§ **PROBLEM DESCRIPTION**
Of the lines in the material below, print only those from the one containing "Read Entomologist In" to the one containing "ChevroletGMDaewoo Traverse 2022", ends included, exactly as written and without pictures.

§ **DATA SUPPLIED**
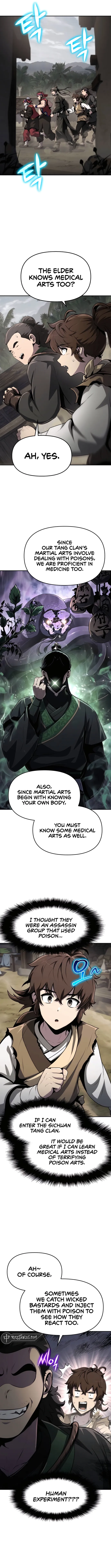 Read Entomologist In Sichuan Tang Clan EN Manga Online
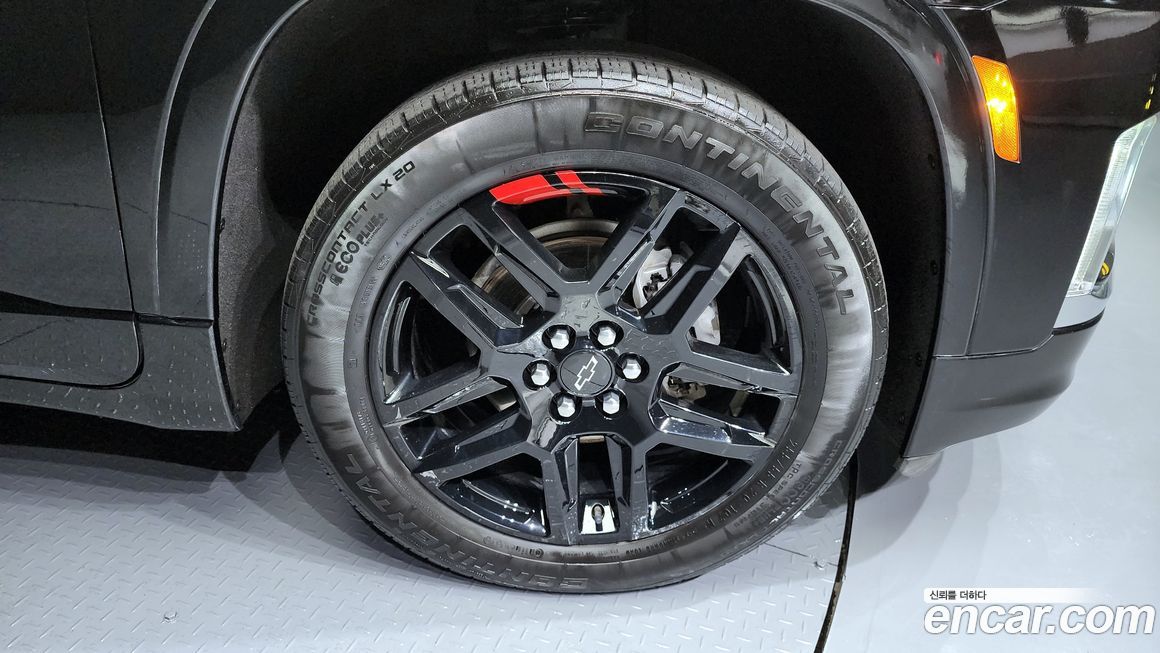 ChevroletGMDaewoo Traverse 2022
--
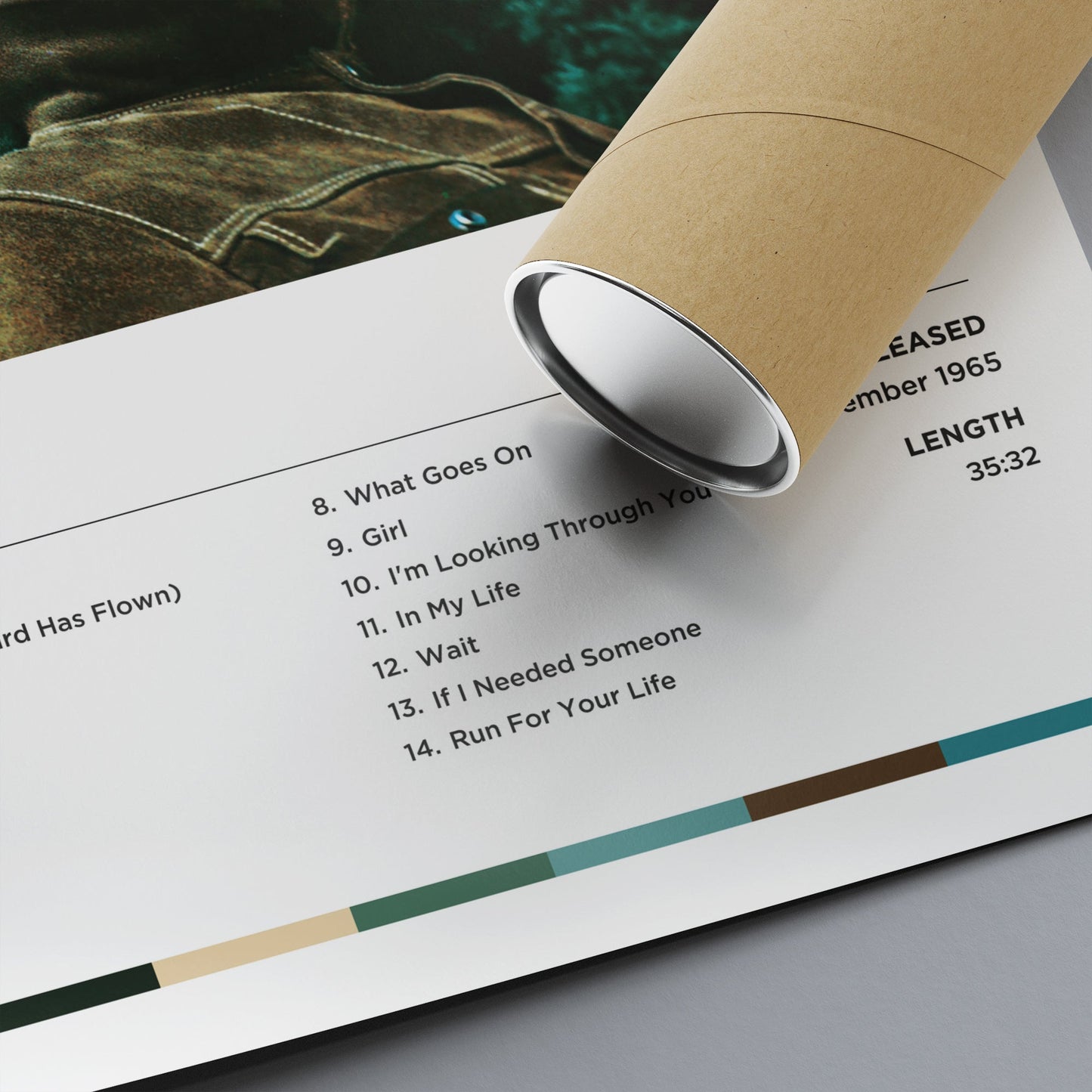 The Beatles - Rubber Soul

§ **OUTPUT OF THE EXERCISE**
 Read Entomologist In Sichuan Tang Clan EN Manga Online
 ChevroletGMDaewoo Traverse 2022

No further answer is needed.